— WORK INSTRUCTIONS —
Give every line of the listing back, exactly as written.

— EXERCISE DATA —
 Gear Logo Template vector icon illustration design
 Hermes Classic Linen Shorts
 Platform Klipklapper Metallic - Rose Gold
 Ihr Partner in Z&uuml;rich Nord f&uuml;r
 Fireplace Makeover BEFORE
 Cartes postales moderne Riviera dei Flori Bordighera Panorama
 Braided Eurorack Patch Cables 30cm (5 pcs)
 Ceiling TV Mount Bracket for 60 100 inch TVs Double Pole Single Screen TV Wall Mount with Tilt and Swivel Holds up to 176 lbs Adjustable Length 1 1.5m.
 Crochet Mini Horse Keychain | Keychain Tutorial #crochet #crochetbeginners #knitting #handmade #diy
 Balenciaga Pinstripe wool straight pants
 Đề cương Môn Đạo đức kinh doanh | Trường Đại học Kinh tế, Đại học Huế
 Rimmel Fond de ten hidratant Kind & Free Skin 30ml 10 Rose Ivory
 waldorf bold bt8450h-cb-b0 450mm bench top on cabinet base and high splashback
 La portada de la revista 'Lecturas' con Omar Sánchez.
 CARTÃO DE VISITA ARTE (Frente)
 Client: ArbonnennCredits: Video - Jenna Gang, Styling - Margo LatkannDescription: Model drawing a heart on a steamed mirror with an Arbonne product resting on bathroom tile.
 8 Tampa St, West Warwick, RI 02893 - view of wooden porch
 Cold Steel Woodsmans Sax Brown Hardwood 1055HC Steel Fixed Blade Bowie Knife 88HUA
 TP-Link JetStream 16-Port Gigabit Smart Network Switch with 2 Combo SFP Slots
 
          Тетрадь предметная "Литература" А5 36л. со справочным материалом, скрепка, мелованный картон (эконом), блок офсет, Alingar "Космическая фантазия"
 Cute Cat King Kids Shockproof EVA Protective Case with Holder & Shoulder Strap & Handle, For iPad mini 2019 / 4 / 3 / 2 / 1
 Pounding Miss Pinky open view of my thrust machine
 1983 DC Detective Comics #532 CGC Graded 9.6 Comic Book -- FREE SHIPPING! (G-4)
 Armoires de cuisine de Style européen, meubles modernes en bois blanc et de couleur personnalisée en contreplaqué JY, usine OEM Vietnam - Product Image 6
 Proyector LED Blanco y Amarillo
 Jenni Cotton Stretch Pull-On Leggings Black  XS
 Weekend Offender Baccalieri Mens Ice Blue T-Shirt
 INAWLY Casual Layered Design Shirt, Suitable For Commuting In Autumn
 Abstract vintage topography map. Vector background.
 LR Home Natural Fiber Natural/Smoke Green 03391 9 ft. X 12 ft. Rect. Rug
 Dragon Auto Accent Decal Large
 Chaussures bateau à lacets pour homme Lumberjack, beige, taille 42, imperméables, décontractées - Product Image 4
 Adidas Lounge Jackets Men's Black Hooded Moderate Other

— OUTPUT OF THE TASK —
 Gear Logo Template vector icon illustration design
 Hermes Classic Linen Shorts
 Platform Klipklapper Metallic - Rose Gold
 Ihr Partner in Z&uuml;rich Nord f&uuml;r
 Fireplace Makeover BEFORE
 Cartes postales moderne Riviera dei Flori Bordighera Panorama
 Braided Eurorack Patch Cables 30cm (5 pcs)
 Ceiling TV Mount Bracket for 60 100 inch TVs Double Pole Single Screen TV Wall Mount with Tilt and Swivel Holds up to 176 lbs Adjustable Length 1 1.5m.
 Crochet Mini Horse Keychain | Keychain Tutorial #crochet #crochetbeginners #knitting #handmade #diy
 Balenciaga Pinstripe wool straight pants
 Đề cương Môn Đạo đức kinh doanh | Trường Đại học Kinh tế, Đại học Huế
 Rimmel Fond de ten hidratant Kind & Free Skin 30ml 10 Rose Ivory
 waldorf bold bt8450h-cb-b0 450mm bench top on cabinet base and high splashback
 La portada de la revista 'Lecturas' con Omar Sánchez.
 CARTÃO DE VISITA ARTE (Frente)
 Client: ArbonnennCredits: Video - Jenna Gang, Styling - Margo LatkannDescription: Model drawing a heart on a steamed mirror with an Arbonne product resting on bathroom tile.
 8 Tampa St, West Warwick, RI 02893 - view of wooden porch
 Cold Steel Woodsmans Sax Brown Hardwood 1055HC Steel Fixed Blade Bowie Knife 88HUA
 TP-Link JetStream 16-Port Gigabit Smart Network Switch with 2 Combo SFP Slots
 
          Тетрадь предметная "Литература" А5 36л. со справочным материалом, скрепка, мелованный картон (эконом), блок офсет, Alingar "Космическая фантазия"
 Cute Cat King Kids Shockproof EVA Protective Case with Holder & Shoulder Strap & Handle, For iPad mini 2019 / 4 / 3 / 2 / 1
 Pounding Miss Pinky open view of my thrust machine
 1983 DC Detective Comics #532 CGC Graded 9.6 Comic Book -- FREE SHIPPING! (G-4)
 Armoires de cuisine de Style européen, meubles modernes en bois blanc et de couleur personnalisée en contreplaqué JY, usine OEM Vietnam - Product Image 6
 Proyector LED Blanco y Amarillo
 Jenni Cotton Stretch Pull-On Leggings Black  XS
 Weekend Offender Baccalieri Mens Ice Blue T-Shirt
 INAWLY Casual Layered Design Shirt, Suitable For Commuting In Autumn
 Abstract vintage topography map. Vector background.
 LR Home Natural Fiber Natural/Smoke Green 03391 9 ft. X 12 ft. Rect. Rug
 Dragon Auto Accent Decal Large
 Chaussures bateau à lacets pour homme Lumberjack, beige, taille 42, imperméables, décontractées - Product Image 4
 Adidas Lounge Jackets Men's Black Hooded Moderate Other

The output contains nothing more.